Outside of several Aurora kits I have a X-Plus Godzilla that I bought from Frank's Doll and Hobby shop in Deland Fl. And a very nice one that I got from Facto2 several years back that I think I paid arround $60.00 for. Quite reasonable. Not sure what version it was but it has big back fins like the 80's Big G. I wanted an early style and later version to display together and they are quite a pair! Facto2's prices are quite reasonable IMO.


----------



## boomboomjr (Jul 4, 2011)

*the biggest godzilla kit ever*

If you can reference Kit builders and glue sniffers magazine issue #6 some where around december of 1992 you will find an article i wrote about the 1 meter 20 centimeter biolante godzilla that was around ho scale about 1/80 actual size.
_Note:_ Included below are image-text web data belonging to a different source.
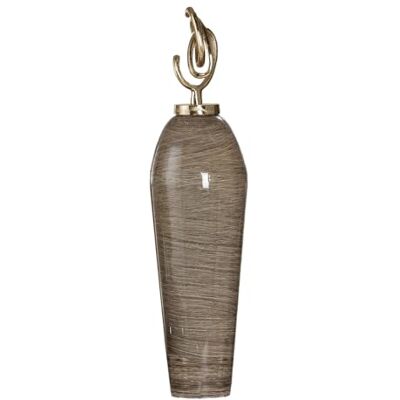 GILDE Deko Objekt Skulptur XXL Stripes aus Metall mit emaillierter Oberfläche Accessoire Dekoration Wohnzimmer Geschenk für Frauen Braun Höhe 66 cm GILDE Deko Objekt Skulptur XXL Stripes aus Metall mit emaillierter Oberfläche Accessoire Dekoration Wohnzimmer Geschenk für Frauen Braun Höhe 66 cm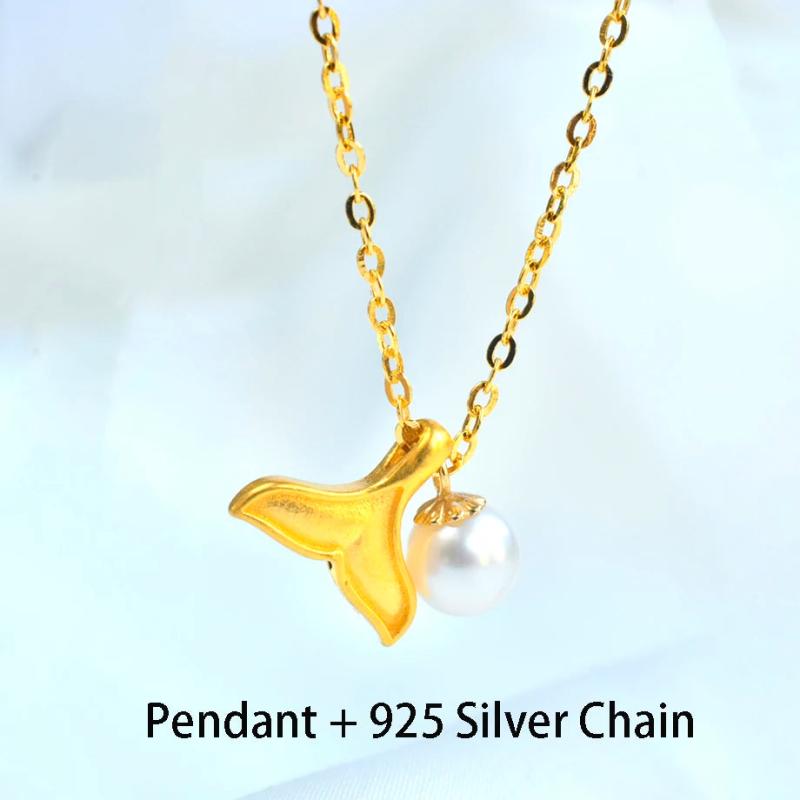 24K Gold Necklace with Pearl Pendant & 18K Chain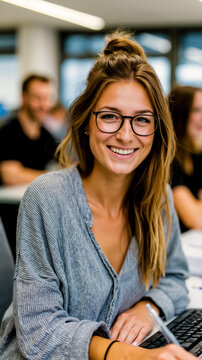 A young woman with glasses and a smile sitting at a desk with a laptop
I think i got it for around 900 dollars but my friend had to put it into 4 boxes and he listed the cost 4 times so i got hit with customs 4 times. A few years after the article came out, a company in NY named monstrocities, that sold dynosaur stuff licensed kaiyodo here and they sold it for 1350.00. Besides my original, ive seen 3 others at various model contests in california . For the godzilla hardcore collector this is the greatest kit ever. And if you can find that issue u can read all about its construction. In the late 80s and early 90s I had friends in japan that could access this stuff but times change and we all grow up. Ill look and see if ican find pictures of these old kaiyodo kits. Monstrocities had a catalog printed with all the kits available in the usa. From 55 dollars to round 200 with the big guy being 1350. Now you have to pay what someone wants because of demand and scarcity


----------



## TAY666 (Jan 8, 2000)

That big boy is being reissued.
http://tomopop.com/kaiyodo-s-1-80-godzilla-has-come-to-destroy-your-wallet-and-be-petted-19568.phtml

You can preorder it for about $1350.


----------



## boomboomjr (Jul 4, 2011)

i read one of the blogs on that site and i agree with the cost of the paint. I was lucky enough at the time to be friends with a guy who owned a hobby shop and he ordered me 2 or 3 cases of testors euro gray (my choice) for gozi and at the time i think they were like 1.29 a bottle retail. Back in 92 you really didnt care about cost that much, until you started to have to buy more than 10 bottles. Ive uploaded pictures in my gallery of the big godzilla if you would like to see it in the flesh so to speak


----------